Seperti yang diketahui insiden tersebut telah menghanguskan Kantor Bupati, kerusakan Kantor DPRD Kabupaten Pohuwato, bangunan kantor hingga Ruma Dinas oleh masa aksi yang tergabung dalam Forum persatuan ahli waris IUP OP 316 dan ahli waris penambang Pohuwato.
Tidak hanya itu, insiden tersebut juga turut dialami oleh salah satu anggota Jurnalis saat melakukan peliputan lapangan mendapat tindakan anarkis dari salah satu araparat Polri saat melakukan pengamanan di lapangan.
Sikap anarkis dari oknum Polri tersebut telah terekam melelui video Livestreaming yang tersebar di media sosial terlihat aksi aparat mengenakan kaos berwarna hitam dan topi diduga oknum Polisi melakukan upaya intimidasi dengan cara merampasan alat kerja wartawan di lapangan dan menanyakan identitas wartawan tersebut.
Sontak rekan-rekan wartawan di sekitar langsung memberi tahu bahwa orang tersebut adalah wartawan yang sedang meliput dibantu oleh aparat kepolisian yang menggunakan seragam.
Dari insiden ini, Persatuan Wartawan Indonesi (PWI) Provinsi Gorontalo meminta agar pihak penegak hukum untuk tidak melakukan intimidasi terhadap kerja-kerja wartawan di lapangan.
Wakil Ketua Bidang Advokasi dan Pembelaan Wartawan PWI Gorontalo, Andi Arifuddin mengingatkan agar dalam kasus demonstrasi yang terjadi di Pohuwato aparat jangan melakukan upaya represif terhadap wartawan yang sedang bertugas. Sebab setiap wartawan dengan identitas yang lengkap tidak bisa dihalangi kerja-kerja jurnalistiknya, karena dilindungi oleh undang-undang.
“Ini jelas sebagaimana amanat Pasal 18 UU 40 Tahun 1999 Tentang Pers.
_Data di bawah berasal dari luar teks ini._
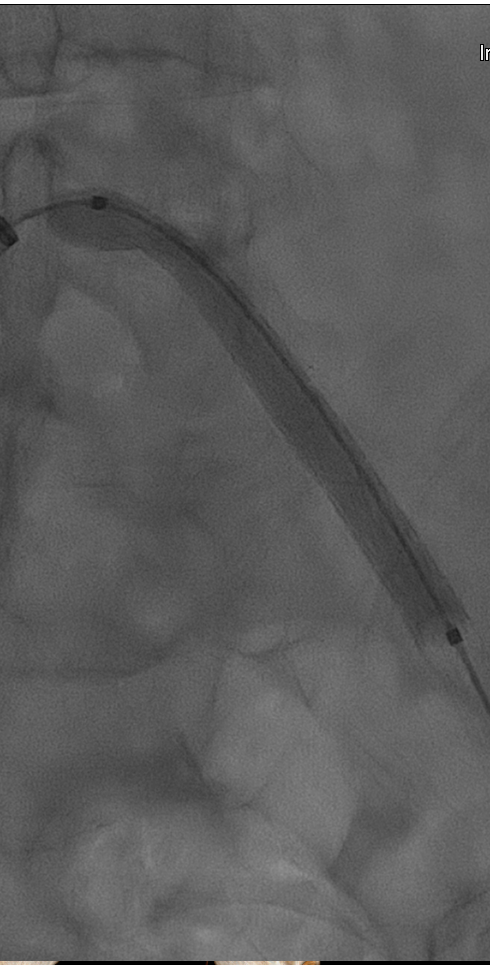 gore医疗怎么样【戈调·髂到好处】GORE VIABAHN VBX 球囊扩张血管内覆膜支架联合VIABAHN治疗长段髂动脉闭塞性病变的探索_https://www.jmylbn.com_新闻资讯_第10张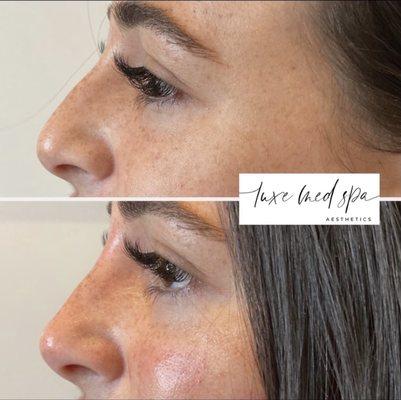 Non-Surgical Rhinoplasty (Nose Job) in Orlando, FL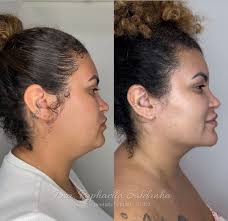 Dra Raphaella Saldanha (@dra.raphaellasaldanha) • Фото и видео в Instagram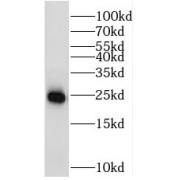 WB analysis of MCF-7 cells, using20229-1-AP (RAB11A-Specific antibody (1/1000 dilution).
Tidak boleh siapapun baik individu, organisasi, aparat termasuk TNI/Polri, individu atau siapapun tidak boleh menghalang-halangi kerja jurnalis untuk memperoleh informasi,” ujar Andi Arifuddin.
Ia menyebut upaya menghalang-halangi peliputan, khususnya yang disertai dengan ancaman bisa terjerat pidana. Di dalam UU 40 tahun 99 bagi pelaku yang menghalangi kerja jurnalistik diancam dua tahun atau denda Rp500 juta, jadi ini serius. Belum lagi jika hal itu sudah menjurus ke tindak pidana penganiayaan.
“Kami tentu berduka atas kejadian yang terjadi di Pohuwato. Namun kami berharap agar para pihak untuk senantiasa melindungi fungsi pers dalam mengawal demokrasi dan kebebasan pers,” paparnya.
Terakhir Andi mengingatkan agar seluruh wartawan yang melakukan peliputan di lokasi yang rawan kericuhan agar dapat bekerja berdasarkan kode etik jurnalistik serta melengkapi diri dengan identitas yang jelas.
“Paling penting juga dapat menjaga etika, ketika dalam kondisi yang chaos, segala kemungkinan bisa terjadi. Untuk itu rekan-rekan tetap berhati-hati serta melengkapi diri dengan identitas yang jelas. Dan jangan lupa untuk melakukan komunikasi dua arah, sehingga tidak menjadi korban kekerasan saat meliput,” tandasnya.